What is being asked >> Images do not belong in the copy. Retype all the entries below exactly.

Raw data >>

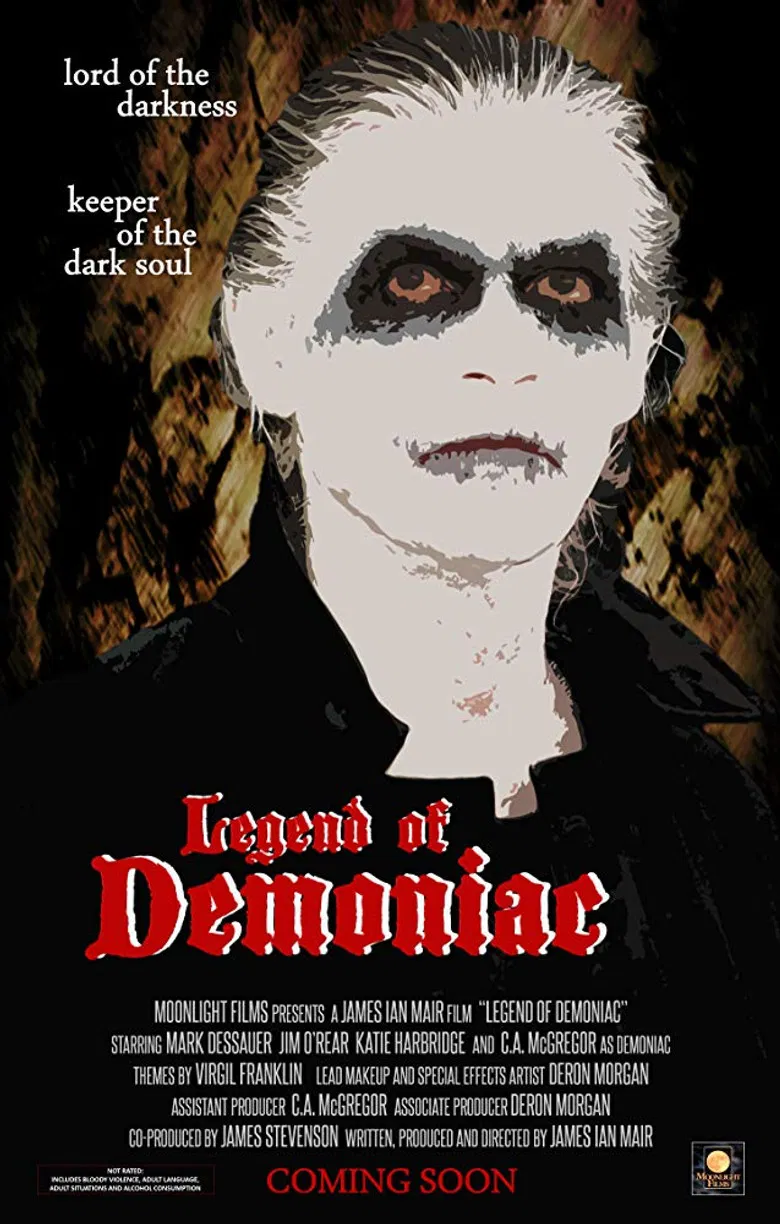 Legend of Demoniac poster background
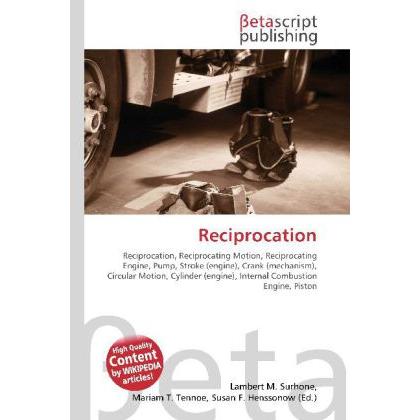 Reciprocation, Fachbücher von Miriam T. Timpledon, Lambert M. Surhone, Susan F. Marseken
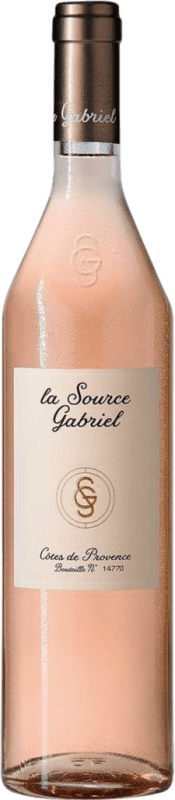 14,95 € Envío gratis | Vino Rosado Regine Sumeire La Source Gabriel Joven A.O.C. Francia Francia Syrah, Garnacha, Cinsault 75 cl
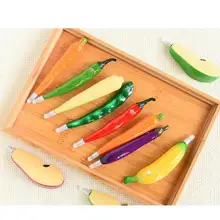 10 шт/ло Горячие высококачественные стильные пластиковые овощи Шариковая ручка Шариковая фруктовая ручка, пластиковое яблоко шариковые ручки, новинка Подарочная шариковая ручка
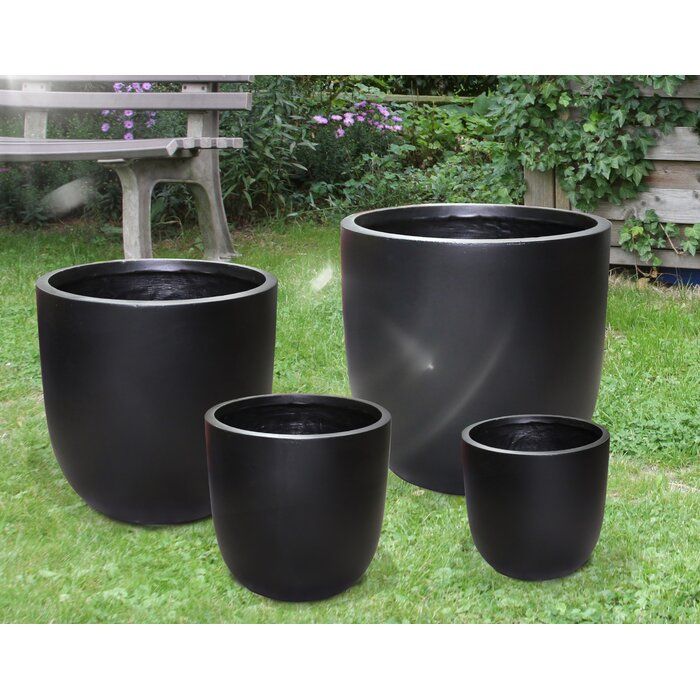 Modern Fiberglass Pot Planter thumbnail 4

Response >>
 Legend of Demoniac poster background
 Reciprocation, Fachbücher von Miriam T. Timpledon, Lambert M. Surhone, Susan F. Marseken
 14,95 € Envío gratis | Vino Rosado Regine Sumeire La Source Gabriel Joven A.O.C. Francia Francia Syrah, Garnacha, Cinsault 75 cl
 10 шт/ло Горячие высококачественные стильные пластиковые овощи Шариковая ручка Шариковая фруктовая ручка, пластиковое яблоко шариковые ручки, новинка Подарочная шариковая ручка
 Modern Fiberglass Pot Planter thumbnail 4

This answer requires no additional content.